Exercise instructions → Below are entries. Reproduce exactly the lines between the line holding "And another way" and the line holding "You also configure", inclusive, and only those.
Dataset records below:
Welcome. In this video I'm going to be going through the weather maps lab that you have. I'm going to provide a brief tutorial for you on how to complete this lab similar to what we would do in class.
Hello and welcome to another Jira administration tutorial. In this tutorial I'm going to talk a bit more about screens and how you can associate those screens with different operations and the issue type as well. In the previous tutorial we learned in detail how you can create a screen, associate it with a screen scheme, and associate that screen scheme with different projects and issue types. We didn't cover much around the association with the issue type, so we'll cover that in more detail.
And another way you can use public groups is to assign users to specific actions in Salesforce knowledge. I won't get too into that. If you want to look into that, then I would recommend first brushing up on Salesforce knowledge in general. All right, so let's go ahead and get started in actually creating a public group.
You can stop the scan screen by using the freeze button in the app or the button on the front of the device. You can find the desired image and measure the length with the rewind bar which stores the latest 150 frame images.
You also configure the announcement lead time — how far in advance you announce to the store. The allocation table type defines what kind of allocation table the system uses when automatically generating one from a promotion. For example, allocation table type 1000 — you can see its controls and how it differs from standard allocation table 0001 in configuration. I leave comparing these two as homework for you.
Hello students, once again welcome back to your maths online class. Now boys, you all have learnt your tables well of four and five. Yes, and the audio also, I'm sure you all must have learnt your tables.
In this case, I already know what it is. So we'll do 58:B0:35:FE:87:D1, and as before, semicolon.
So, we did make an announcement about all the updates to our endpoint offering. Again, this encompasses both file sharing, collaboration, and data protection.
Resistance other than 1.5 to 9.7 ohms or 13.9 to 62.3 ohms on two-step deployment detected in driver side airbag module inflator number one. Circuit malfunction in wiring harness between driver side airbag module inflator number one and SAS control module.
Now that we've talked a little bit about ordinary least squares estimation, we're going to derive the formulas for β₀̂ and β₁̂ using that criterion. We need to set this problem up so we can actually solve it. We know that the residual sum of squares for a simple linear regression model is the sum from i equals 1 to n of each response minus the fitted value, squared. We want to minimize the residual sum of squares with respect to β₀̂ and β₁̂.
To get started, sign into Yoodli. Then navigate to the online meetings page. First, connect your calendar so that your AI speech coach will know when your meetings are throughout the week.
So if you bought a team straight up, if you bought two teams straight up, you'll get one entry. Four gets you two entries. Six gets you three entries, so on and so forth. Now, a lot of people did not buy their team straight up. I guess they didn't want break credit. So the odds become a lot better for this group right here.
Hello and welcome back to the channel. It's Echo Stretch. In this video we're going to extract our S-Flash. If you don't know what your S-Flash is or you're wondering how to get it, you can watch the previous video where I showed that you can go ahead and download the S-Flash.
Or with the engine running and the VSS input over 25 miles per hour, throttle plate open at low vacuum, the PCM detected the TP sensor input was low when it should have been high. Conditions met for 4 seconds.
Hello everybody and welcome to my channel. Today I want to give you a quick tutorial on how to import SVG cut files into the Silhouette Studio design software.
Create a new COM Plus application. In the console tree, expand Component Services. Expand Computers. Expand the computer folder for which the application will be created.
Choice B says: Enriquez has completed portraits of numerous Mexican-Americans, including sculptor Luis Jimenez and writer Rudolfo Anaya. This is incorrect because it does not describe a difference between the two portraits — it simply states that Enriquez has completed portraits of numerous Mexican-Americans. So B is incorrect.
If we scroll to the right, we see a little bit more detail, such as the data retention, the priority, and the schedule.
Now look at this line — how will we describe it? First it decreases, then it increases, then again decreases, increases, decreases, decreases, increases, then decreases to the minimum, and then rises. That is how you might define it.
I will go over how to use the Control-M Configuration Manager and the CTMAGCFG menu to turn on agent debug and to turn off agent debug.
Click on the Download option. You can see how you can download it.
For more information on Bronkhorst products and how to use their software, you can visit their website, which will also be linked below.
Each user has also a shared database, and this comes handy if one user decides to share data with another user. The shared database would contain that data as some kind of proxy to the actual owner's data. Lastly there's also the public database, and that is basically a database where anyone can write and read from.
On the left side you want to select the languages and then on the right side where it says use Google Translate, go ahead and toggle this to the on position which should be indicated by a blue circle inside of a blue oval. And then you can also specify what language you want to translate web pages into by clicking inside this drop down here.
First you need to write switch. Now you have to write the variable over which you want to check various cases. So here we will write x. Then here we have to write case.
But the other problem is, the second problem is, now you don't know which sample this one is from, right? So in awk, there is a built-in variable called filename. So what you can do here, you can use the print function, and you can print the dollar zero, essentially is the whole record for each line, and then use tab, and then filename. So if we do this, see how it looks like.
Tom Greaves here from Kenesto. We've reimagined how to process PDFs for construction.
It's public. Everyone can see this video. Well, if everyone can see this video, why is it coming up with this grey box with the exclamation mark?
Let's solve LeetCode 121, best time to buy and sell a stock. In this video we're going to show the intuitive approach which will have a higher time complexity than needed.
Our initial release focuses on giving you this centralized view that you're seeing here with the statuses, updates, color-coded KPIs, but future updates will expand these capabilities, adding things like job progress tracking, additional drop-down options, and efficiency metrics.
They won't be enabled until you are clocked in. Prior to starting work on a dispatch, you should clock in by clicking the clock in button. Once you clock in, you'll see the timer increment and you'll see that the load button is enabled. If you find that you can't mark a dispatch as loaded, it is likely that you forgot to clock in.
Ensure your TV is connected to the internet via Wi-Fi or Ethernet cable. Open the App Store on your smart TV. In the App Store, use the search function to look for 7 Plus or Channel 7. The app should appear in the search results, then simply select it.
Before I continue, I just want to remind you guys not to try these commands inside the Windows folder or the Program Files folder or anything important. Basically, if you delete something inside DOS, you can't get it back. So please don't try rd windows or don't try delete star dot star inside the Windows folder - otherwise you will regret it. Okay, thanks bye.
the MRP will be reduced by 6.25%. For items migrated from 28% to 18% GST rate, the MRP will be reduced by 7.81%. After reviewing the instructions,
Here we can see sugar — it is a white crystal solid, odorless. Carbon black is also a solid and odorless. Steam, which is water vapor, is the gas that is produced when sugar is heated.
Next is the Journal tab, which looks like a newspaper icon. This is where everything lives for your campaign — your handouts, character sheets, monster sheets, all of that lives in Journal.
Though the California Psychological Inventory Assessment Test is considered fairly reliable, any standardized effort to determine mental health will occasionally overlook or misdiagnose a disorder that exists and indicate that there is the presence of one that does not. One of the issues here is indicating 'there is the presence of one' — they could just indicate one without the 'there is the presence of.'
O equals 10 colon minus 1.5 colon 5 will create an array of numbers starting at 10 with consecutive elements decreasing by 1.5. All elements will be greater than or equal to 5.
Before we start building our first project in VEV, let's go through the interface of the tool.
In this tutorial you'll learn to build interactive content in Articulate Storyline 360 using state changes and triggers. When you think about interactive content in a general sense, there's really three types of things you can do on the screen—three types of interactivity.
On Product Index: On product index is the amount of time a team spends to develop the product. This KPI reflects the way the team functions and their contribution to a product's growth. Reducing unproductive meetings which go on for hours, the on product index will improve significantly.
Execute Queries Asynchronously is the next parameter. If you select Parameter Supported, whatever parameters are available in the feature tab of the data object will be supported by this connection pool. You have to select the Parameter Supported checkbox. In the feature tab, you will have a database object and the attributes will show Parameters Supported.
End of Dataset records.
Answer area →
And another way you can use public groups is to assign users to specific actions in Salesforce knowledge. I won't get too into that. If you want to look into that, then I would recommend first brushing up on Salesforce knowledge in general. All right, so let's go ahead and get started in actually creating a public group.
You can stop the scan screen by using the freeze button in the app or the button on the front of the device. You can find the desired image and measure the length with the rewind bar which stores the latest 150 frame images.
You also configure the announcement lead time — how far in advance you announce to the store. The allocation table type defines what kind of allocation table the system uses when automatically generating one from a promotion. For example, allocation table type 1000 — you can see its controls and how it differs from standard allocation table 0001 in configuration. I leave comparing these two as homework for you.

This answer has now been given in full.